"Stop mythologizing the past. The golden age we dream of is only in the future--and only achievable by moving forward."
While I agreed with his general sentiment, I disagreed with the generalization, and said so. This sparked some debate with other followers that I thought I'd try to capture and clarify, here.
In my reply, I pointed out that some areas, such as personal electronics, seem to be on an escalating trajectory of improvement that is bringing increased quality of life to vast numbers of people. However, at the same time we have substantial changes to established areas which are profoundly negative. For example, food and music are two art forms that used to be taught pervasively and are now taught to a shrinking minority of enthusiasts. As the public becomes less educated about these art forms, the pinnacles of experimentation and exploration in these arts will diminish. It's not that there won't be great musicians and cooks, but overall we'll produce fewer of them, making fewer advances to the state of their respective arts.
In fact, I think it's safe to say that the golden age of food was either the 19th or 20th centuries, depending on the part of the world you are looking at, and it's likely that the 21st century won't make the same inroads except in less developed nations where the majority of the population still prepare most of their own meals in the home, and thus continue to share and teach their techniques as a cultural heritage.

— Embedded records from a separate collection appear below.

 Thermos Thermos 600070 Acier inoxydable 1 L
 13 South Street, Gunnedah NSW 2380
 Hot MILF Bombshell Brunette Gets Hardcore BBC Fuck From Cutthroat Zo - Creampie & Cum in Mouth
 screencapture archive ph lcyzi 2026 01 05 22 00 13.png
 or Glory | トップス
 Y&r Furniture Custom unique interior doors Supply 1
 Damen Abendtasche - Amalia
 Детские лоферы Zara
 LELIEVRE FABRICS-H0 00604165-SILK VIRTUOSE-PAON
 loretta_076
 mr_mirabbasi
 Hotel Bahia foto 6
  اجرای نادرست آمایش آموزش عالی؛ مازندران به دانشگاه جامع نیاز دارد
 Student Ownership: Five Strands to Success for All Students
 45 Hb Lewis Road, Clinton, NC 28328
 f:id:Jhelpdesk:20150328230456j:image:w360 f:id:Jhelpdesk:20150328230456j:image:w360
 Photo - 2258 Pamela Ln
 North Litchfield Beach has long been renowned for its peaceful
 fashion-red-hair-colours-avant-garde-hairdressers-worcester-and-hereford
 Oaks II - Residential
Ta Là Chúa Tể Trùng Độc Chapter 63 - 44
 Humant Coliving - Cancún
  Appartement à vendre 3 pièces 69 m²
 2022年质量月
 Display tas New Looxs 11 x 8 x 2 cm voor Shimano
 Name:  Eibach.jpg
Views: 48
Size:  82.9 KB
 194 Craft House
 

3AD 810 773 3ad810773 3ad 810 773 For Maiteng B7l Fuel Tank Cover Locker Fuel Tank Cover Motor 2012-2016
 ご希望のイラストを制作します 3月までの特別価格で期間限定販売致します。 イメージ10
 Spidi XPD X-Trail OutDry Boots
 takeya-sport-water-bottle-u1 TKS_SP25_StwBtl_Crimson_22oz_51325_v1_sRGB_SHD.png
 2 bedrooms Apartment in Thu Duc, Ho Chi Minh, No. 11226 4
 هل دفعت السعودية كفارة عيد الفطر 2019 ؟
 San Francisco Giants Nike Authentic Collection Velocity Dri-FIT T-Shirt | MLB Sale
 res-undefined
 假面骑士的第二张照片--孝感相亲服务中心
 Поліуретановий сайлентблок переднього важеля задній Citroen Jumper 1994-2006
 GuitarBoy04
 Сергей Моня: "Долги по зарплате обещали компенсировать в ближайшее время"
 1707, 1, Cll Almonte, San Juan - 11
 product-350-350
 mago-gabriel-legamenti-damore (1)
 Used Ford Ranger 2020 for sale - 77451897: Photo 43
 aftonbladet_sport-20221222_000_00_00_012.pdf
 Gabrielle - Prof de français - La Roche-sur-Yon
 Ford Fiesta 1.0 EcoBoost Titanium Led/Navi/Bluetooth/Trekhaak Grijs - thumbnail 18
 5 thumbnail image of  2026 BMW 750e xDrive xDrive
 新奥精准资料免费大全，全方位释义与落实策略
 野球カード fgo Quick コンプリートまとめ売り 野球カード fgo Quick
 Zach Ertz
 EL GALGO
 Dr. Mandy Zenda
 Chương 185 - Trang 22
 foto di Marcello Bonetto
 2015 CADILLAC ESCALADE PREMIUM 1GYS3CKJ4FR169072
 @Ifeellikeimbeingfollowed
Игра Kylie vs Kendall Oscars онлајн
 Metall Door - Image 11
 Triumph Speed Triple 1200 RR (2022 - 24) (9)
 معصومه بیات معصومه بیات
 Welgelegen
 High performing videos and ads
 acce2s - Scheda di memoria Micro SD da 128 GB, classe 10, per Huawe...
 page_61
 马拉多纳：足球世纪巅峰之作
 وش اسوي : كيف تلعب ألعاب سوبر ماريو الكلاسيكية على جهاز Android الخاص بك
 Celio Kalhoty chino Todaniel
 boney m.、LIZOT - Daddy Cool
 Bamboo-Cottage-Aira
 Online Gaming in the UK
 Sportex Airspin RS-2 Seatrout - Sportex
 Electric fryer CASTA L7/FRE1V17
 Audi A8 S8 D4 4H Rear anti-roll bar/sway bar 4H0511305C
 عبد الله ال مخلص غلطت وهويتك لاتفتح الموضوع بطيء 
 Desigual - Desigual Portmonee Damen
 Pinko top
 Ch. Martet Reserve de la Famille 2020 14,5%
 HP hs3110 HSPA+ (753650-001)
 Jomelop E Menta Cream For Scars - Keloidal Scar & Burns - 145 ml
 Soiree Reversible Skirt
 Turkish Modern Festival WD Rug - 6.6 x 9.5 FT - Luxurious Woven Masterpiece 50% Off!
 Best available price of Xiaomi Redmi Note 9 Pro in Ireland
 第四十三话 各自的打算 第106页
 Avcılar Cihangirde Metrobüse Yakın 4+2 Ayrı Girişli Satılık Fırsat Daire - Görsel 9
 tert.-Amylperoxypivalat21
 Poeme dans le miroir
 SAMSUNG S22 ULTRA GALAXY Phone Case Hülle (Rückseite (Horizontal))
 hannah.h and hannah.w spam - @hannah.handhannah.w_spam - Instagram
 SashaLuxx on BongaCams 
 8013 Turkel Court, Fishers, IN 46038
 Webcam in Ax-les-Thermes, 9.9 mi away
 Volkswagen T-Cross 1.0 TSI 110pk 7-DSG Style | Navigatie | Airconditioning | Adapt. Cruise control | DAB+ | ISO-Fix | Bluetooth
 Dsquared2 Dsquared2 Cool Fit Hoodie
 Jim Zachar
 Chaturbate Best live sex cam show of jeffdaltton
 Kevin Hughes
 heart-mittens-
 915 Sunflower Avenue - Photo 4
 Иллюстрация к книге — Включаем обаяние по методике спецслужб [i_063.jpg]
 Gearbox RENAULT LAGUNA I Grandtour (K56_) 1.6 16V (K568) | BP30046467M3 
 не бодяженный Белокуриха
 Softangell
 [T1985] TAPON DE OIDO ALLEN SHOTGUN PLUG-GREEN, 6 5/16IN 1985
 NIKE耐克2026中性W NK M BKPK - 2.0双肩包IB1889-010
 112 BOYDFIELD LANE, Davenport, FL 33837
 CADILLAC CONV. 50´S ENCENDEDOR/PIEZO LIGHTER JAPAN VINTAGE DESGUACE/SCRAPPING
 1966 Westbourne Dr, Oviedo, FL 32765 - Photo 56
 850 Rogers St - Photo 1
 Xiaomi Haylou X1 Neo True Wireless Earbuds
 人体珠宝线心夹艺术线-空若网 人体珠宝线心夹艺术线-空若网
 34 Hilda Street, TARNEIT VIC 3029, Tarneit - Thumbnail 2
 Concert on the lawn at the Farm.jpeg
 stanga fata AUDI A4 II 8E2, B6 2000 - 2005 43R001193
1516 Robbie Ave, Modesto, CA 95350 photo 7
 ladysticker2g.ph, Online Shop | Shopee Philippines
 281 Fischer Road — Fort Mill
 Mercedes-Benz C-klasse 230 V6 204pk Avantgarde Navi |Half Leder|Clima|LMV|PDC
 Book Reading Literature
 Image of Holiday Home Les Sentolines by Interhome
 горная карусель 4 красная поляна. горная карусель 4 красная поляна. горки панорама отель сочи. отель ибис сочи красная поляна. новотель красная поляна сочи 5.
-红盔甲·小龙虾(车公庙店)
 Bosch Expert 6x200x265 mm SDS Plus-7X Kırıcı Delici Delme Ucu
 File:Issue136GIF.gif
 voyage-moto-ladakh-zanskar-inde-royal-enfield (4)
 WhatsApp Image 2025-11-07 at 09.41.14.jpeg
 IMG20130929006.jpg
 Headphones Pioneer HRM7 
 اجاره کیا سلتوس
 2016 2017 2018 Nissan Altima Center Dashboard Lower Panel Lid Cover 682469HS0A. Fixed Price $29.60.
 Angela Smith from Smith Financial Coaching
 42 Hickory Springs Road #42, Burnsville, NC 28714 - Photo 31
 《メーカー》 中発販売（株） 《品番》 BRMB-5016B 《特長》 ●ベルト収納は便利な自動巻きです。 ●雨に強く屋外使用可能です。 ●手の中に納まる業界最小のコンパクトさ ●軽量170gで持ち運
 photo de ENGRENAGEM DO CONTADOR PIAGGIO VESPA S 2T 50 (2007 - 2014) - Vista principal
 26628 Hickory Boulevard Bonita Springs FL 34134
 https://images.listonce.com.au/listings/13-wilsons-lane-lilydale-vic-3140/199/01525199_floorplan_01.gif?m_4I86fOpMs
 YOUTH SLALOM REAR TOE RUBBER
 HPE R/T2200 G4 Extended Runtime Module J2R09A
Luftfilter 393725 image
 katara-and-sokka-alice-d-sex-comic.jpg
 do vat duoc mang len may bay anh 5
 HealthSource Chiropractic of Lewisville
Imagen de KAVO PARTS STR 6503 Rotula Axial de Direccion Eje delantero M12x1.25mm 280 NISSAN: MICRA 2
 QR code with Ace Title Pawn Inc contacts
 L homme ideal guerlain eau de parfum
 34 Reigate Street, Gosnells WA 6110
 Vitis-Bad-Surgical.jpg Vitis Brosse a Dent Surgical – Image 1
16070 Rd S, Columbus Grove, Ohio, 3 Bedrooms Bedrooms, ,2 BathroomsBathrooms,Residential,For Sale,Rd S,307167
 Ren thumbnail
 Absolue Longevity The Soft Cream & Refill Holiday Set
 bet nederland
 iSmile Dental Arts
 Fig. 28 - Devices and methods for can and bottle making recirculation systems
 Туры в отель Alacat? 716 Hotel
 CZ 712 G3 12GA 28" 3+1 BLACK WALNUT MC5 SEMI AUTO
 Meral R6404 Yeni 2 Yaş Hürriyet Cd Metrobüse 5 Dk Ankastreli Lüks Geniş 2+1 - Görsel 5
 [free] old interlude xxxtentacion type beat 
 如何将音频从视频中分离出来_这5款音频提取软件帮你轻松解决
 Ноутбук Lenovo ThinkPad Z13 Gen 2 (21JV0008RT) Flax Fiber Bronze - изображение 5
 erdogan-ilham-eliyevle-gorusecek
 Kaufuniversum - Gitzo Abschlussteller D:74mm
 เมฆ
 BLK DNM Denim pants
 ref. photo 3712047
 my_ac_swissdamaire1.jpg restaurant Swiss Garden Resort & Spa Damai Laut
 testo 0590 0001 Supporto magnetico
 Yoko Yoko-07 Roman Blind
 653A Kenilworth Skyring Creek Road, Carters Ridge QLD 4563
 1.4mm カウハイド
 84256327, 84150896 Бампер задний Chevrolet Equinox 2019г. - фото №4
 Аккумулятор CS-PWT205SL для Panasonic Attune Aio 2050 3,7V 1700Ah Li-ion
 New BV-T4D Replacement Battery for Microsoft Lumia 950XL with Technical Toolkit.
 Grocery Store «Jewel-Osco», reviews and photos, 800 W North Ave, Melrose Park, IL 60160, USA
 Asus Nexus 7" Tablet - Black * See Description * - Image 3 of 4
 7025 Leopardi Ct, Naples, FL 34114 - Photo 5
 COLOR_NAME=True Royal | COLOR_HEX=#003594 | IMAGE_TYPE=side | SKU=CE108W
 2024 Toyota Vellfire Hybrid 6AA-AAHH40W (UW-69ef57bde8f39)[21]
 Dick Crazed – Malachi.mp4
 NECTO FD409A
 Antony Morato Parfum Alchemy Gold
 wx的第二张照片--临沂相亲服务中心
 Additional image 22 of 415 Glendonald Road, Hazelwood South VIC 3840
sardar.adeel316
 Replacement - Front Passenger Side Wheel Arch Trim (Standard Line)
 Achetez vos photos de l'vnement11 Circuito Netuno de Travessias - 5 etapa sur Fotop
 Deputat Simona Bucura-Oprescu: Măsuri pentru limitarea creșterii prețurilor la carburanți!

For music, I think that the problem is not as uniquely tied to the developing world, but the real source of experimentation will certainly stem from cultural blending the way it always has, especially in the folding of Asian, Middle Eastern, African and South American music into the global culture (a process which began in earnest in the mid-1960s and continues to this day).
So, there are still good times ahead, but when you over-generalize about a "golden age" I think you're always likely to be wrong at some level (probably many).